Effects of mixed physical barrier on residual saltwater removal and groundwater discharge in coastal aquifers

Physical barriers are widely used to control seawater intrusion (SWI). Amongst different kinds of physical barriers, mixed physical barriers (MPBs) are shown to be an effective approach to prevent SWI. However, the system may hinder the discharge of fresh groundwater and the removal of residual saltwater trapped in the inland aquifers of MPBs. Herein, using the validated numerical model, for the first time, we investigated the dynamics of residual saltwater and groundwater discharge after the installation of MPBs. For examining the applicability of MPB and its response to structural variations and hydraulic gradient, the comparison with traditional physical barriers and sensitivity analysis was also carried out. The MPB increased the mixing area of freshwater and saltwater at the beginning of the removal process, resulting in the reduction of the saltwater wedge length (R-L) by 74.6% and the removal of total salt mass (R-M) by 62.6% within the 4% of the total removal time. Meanwhile, the groundwater discharge (Q') rose rapidly after a sharp decline from 100% to 40% in the first stage. As the residual saltwater wedge was retreated, the mixing intensity and removal efficiency decreased substantially in the second stage. Similarly, Q' raised with a declining rate at this stage. The removal efficiency was positively correlated with wall depth and hydraulic gradient and there were optimal distance of the middle spacing and height of lower dam to reach the highest efficiency.
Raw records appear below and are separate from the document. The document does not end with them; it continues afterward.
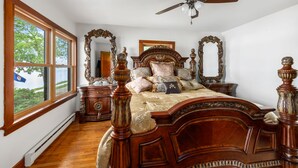 A bedroom with a large bed, ornate wooden headboard, two nightstands, a ceiling fan, and a window with a view of greenery.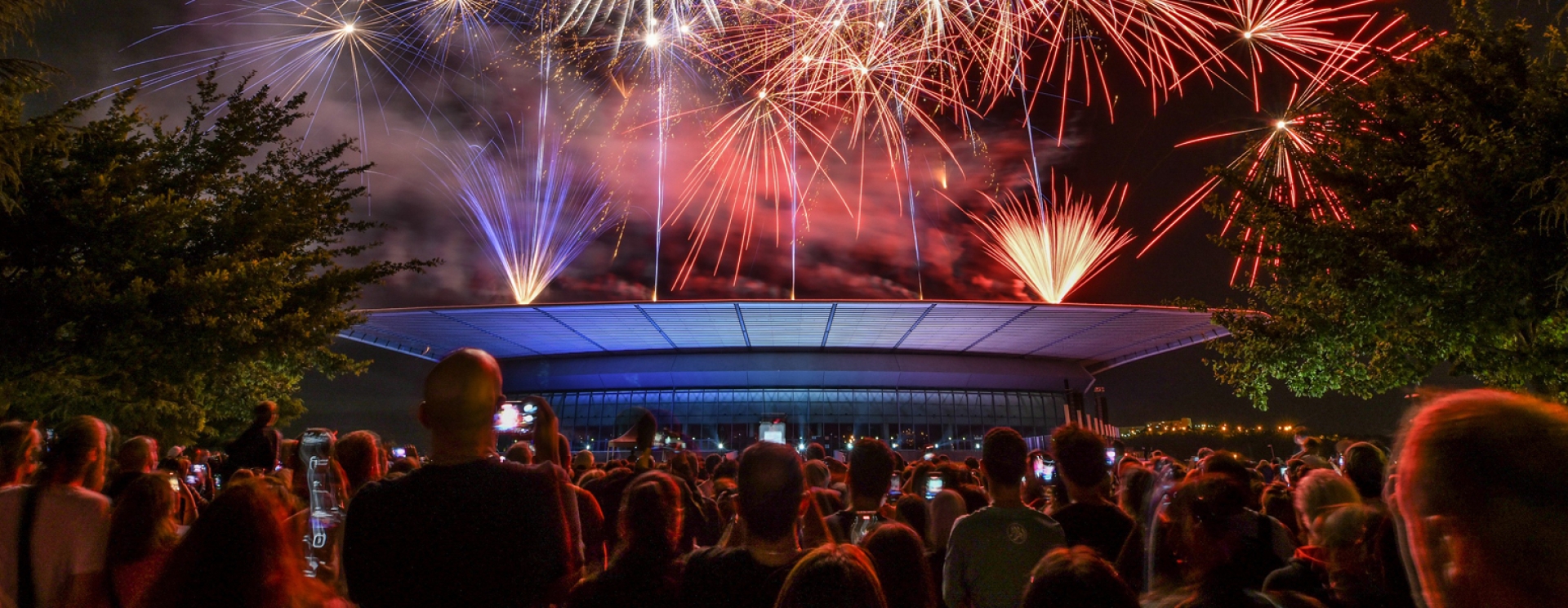 une foule devant un bâtiment surplombée d'un feu d'artifice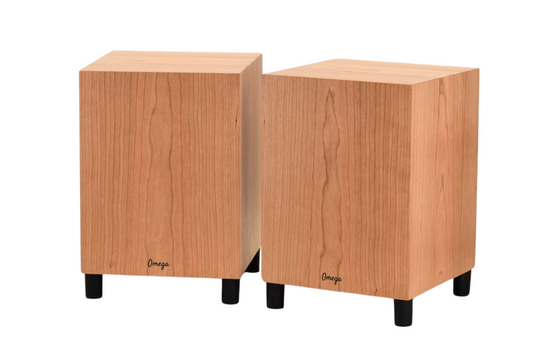 Two Omega DeepHemp 8 subwoofers made of hemp with a cherry wooden finish, positioned upright and side by side.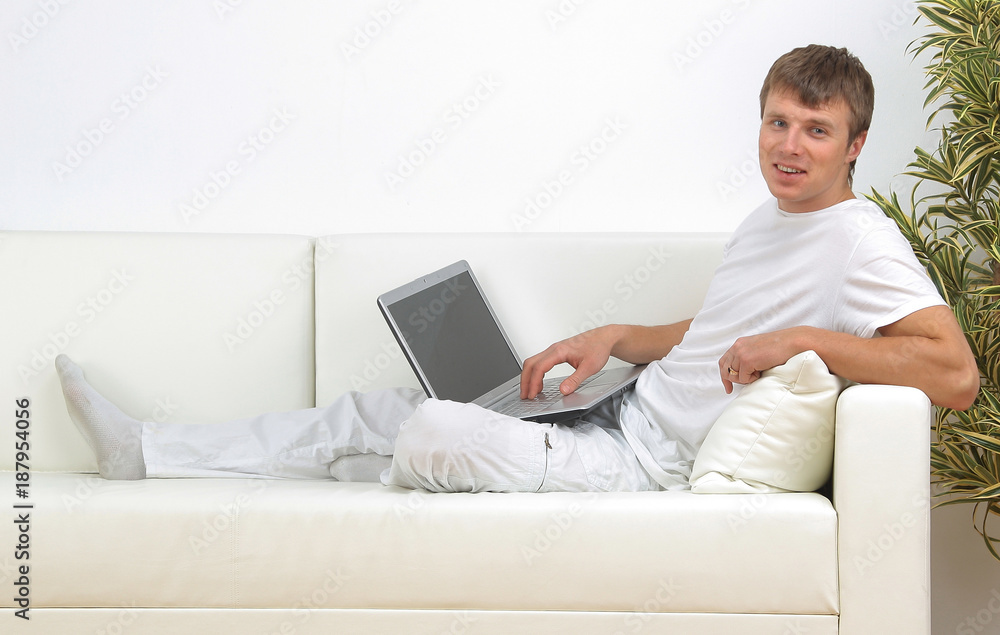Very focused young man using laptop while sitting comfortably. Very focused young man using laptop while sitting comfortably.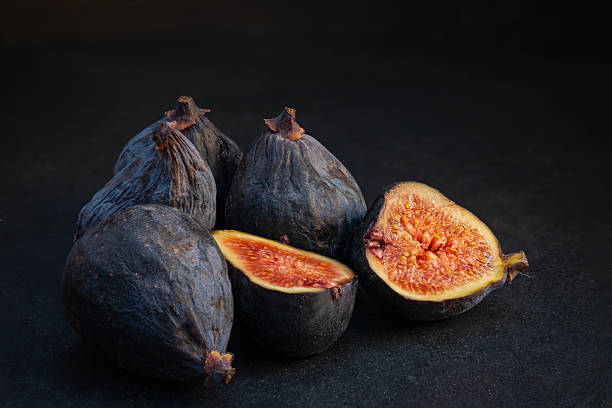 Ripe fresh figs on dark background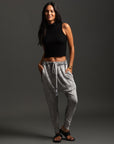 Woman modeling dance pants in Grey Mineral Wash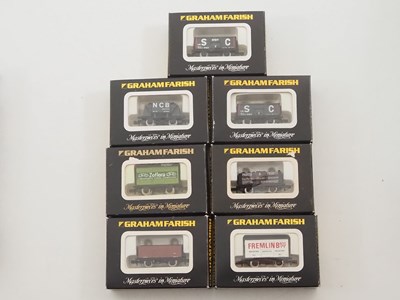 Lot 13 - A group of GRAHAM FARISH N gauge wagons in...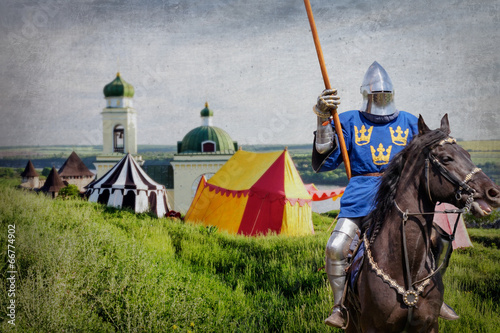Armored knight on warhorse over old medieval castle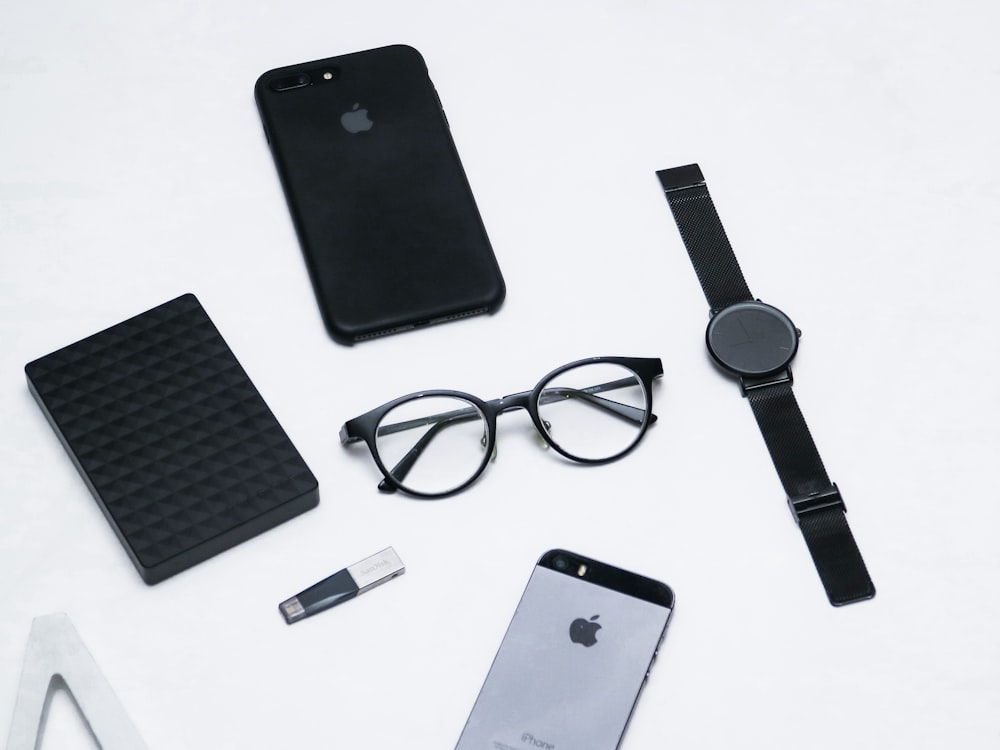 black framed eyeglasses and black iphone 5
The groundwater discharge reduced monotonously with the increase of dam height and wall depth as well as the decrease of barrier spacing and hydraulic gradient. Under certain conditions, the efficiency of MPB in removing residual saltwater could be 40%-100% and 0%-56% higher than that of traditional subsurface dam and cutoff wall, respectively. The laboratory scale conclusions provide valuable physical insight for the real field applications regarding dynamic mechanism and regularity. These findings will always help decision makers choose proper engineering measures and protect groundwater resources in coastal areas.